▶ _Your assignment_
Omit the pictures. Transcribe exactly the lines below, from the one with "So if I were" up to and including the last.

▶ _Data extract_
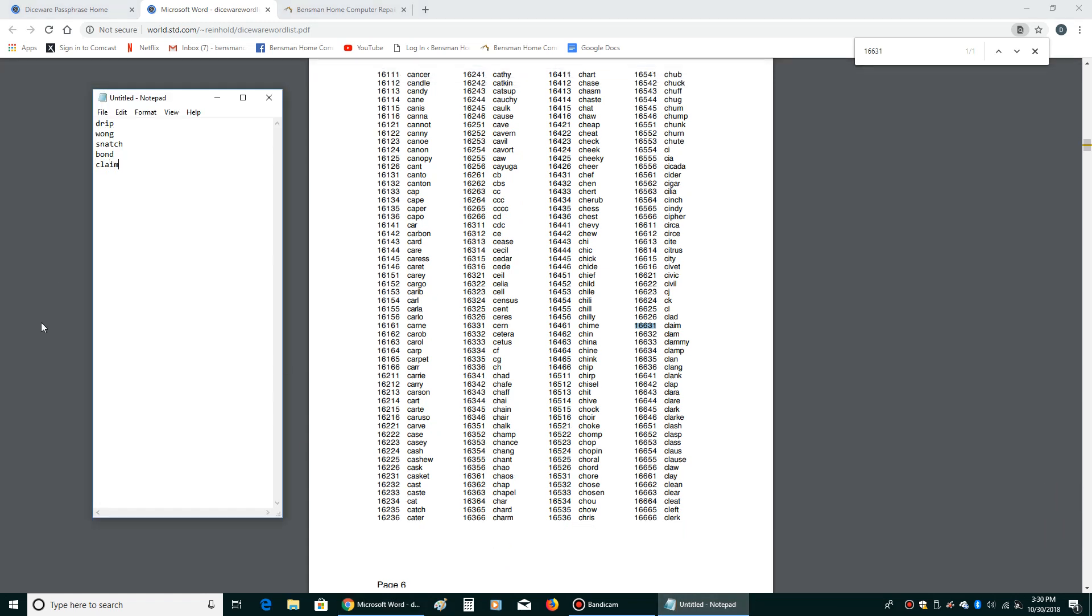So basically, if I just have like a Facebook password or Gmail password, if they allow you to do this and don't force you to use a minimum or maximum or use special characters, you would be perfectly fine with having your password be drip wong snatch bond claim. A computer is going to have a very hard time brute forcing that password.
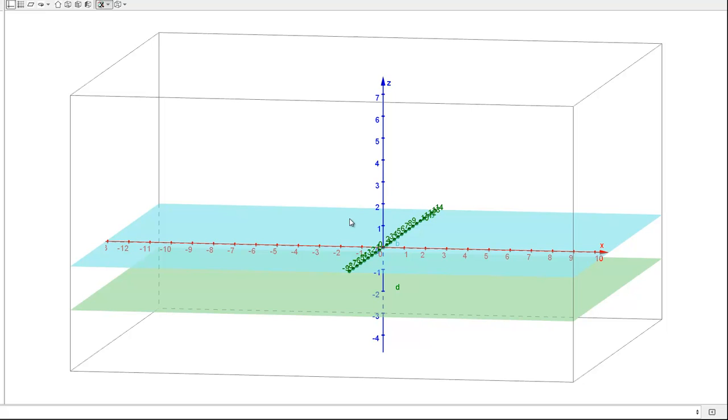So if I were to describe this equation-wise, I would write this is Z equals negative 2. That's the equation of the plane. And as far as points go, it can have any X or Y coordinate, but any point on that plane is going to have a Z coordinate negative 2.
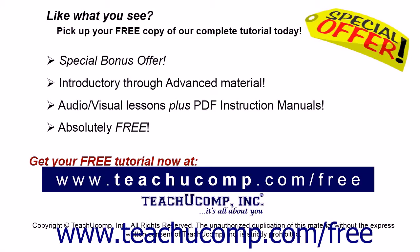Like what you see? Pick up your free copy of the complete tutorial at www.teachucomp.com forward slash free.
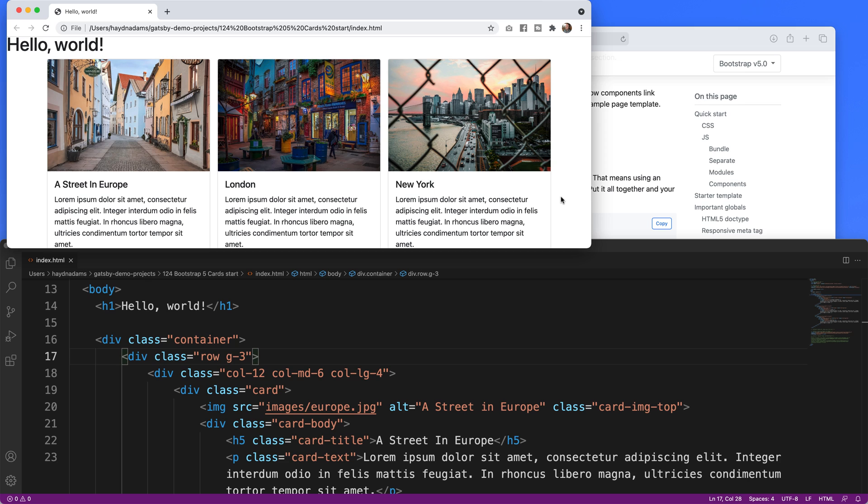If you want more information how Bootstrap 5 works in regards to the container rows columns and everything else that works within Bootstrap 5 check out this playlist and a few videos that I have here. As always I'm Hayden Adams with a designer who codes.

▶ _Output of the task_
So if I were to describe this equation-wise, I would write this is Z equals negative 2. That's the equation of the plane. And as far as points go, it can have any X or Y coordinate, but any point on that plane is going to have a Z coordinate negative 2.
Like what you see? Pick up your free copy of the complete tutorial at www.teachucomp.com forward slash free.
If you want more information how Bootstrap 5 works in regards to the container rows columns and everything else that works within Bootstrap 5 check out this playlist and a few videos that I have here. As always I'm Hayden Adams with a designer who codes.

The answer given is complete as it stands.